Before the Court is Defendant Sylvester Martin's motion for relief pursuant to 28 U.S.C. § 2255 and the supplemental pleadings the Court has allowed to proceed. (Doc. Nos. 286, 297, 298.) For the reasons that follow, the motion will be denied.


On August 30, 1998, Harrisburg City Police were summoned to the 2200 block of Jefferson Street, Harrisburg, in response to a report that shots had been fired. Sylvester Martin, identified by neighbors as having fired the shots, was arrested and charged with reckless endangerment, false reports to law enforcement authorities, disorderly conduct, public drunkenness, and firing a weapon within city limits. Martin failed to appear for his arraignment on March 26, 1999. A capias was issued for his arrest and his name was entered into the National Crime Information Center ("NCIC").

On October 31, 2000, Martin was arrested in Virginia but was released on bail, and the charges were eventually dismissed. Martin was not extradited back to Pennsylvania, though the capias for his arrest remained outstanding.

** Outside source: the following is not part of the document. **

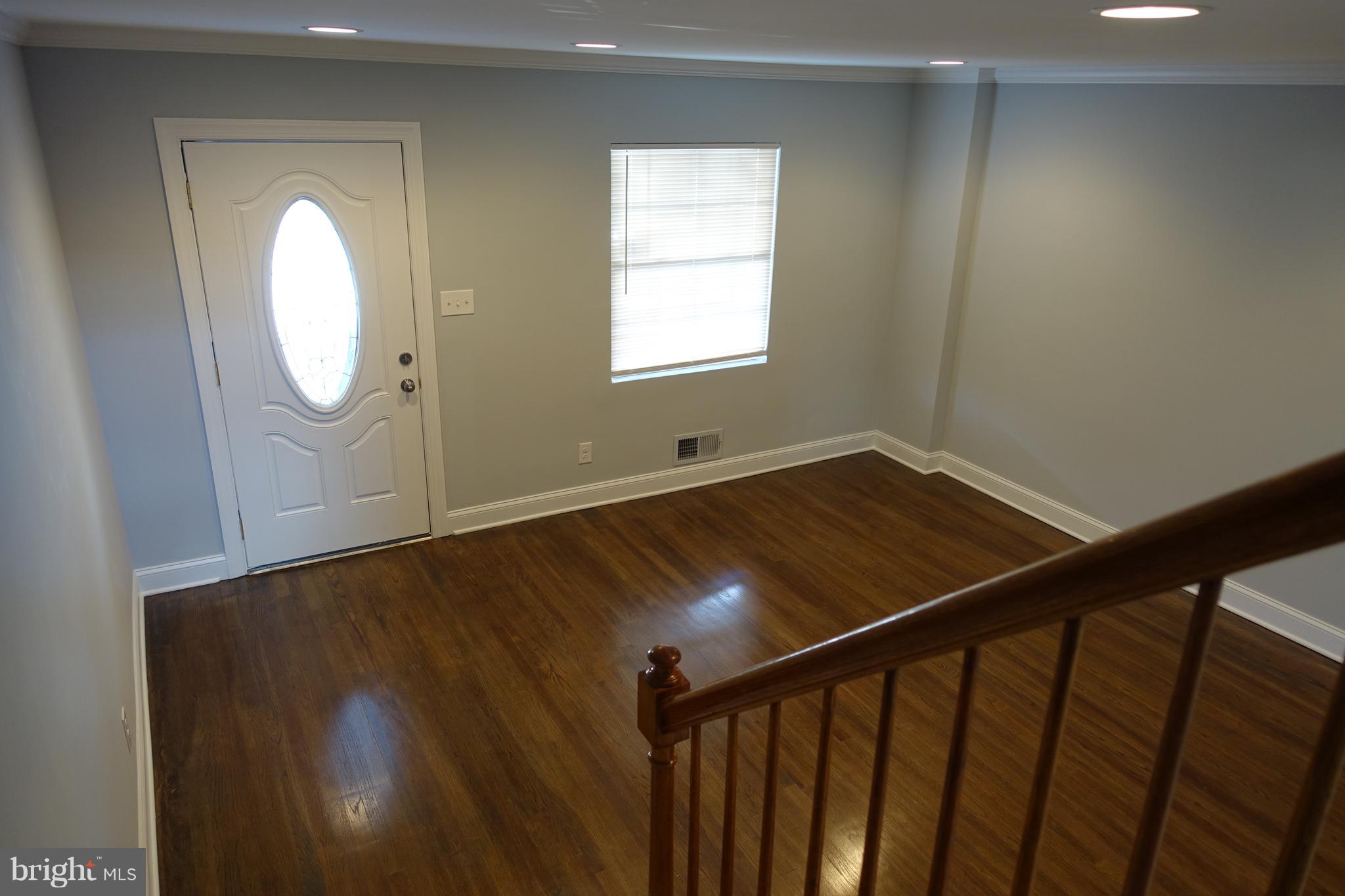338 Grovethorn Road Baltimore, MD 21220 - Photo 3 of 24 a view of a room with wooden floor and window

Martin was again arrested in Virginia on October 20, 2002. On January 21, 2003, Martin was extradited back to the Commonwealth of Pennsylvania. On May 15, 2003, a jury trial began on the outstanding charges against Martin in Pennsylvania. During the course of the trial, the jury inadvertently viewed Martin in handcuffs, and a mistrial was declared. The re-trial was continued several times, until November 10, 2003, when the state charges were nol prossed so that Martin's case could be referred to federal authorities pursuant to "Project Safe Neighborhoods,"a federally-funded program designed to identify state cases appropriate for federal prosecution. The attorney trying Martin's case in Dauphin County, Kimberly Kelly, was cross-designatedas a Special Assistant United States Attorney ("SAUSA"), and proceeded to try Martin's case in federal court.

On December 10, 2003, a federal indictment was returned, charging Martin with knowingly possessing a firearm as a previously convicted felon in violation of 18 U.S.C. §§ 922(g)(1), 924(a)(2), and 924(e). Attorney James West was appointed to represent Martin. On January 13, 2004, West filed pretrial motions to dismiss. The motions argued that the case should be dismissed based on the statute of limitations, due process violations, vindictive prosecution, and an unlawful search. (Doc. Nos. 22, 24.) After hearings, the motions were denied. (Doc. Nos. 56, 86.) Before the motions were even ruled upon, however, Attorney West moved to withdraw his representation, citing extreme lack of cooperation from Martin.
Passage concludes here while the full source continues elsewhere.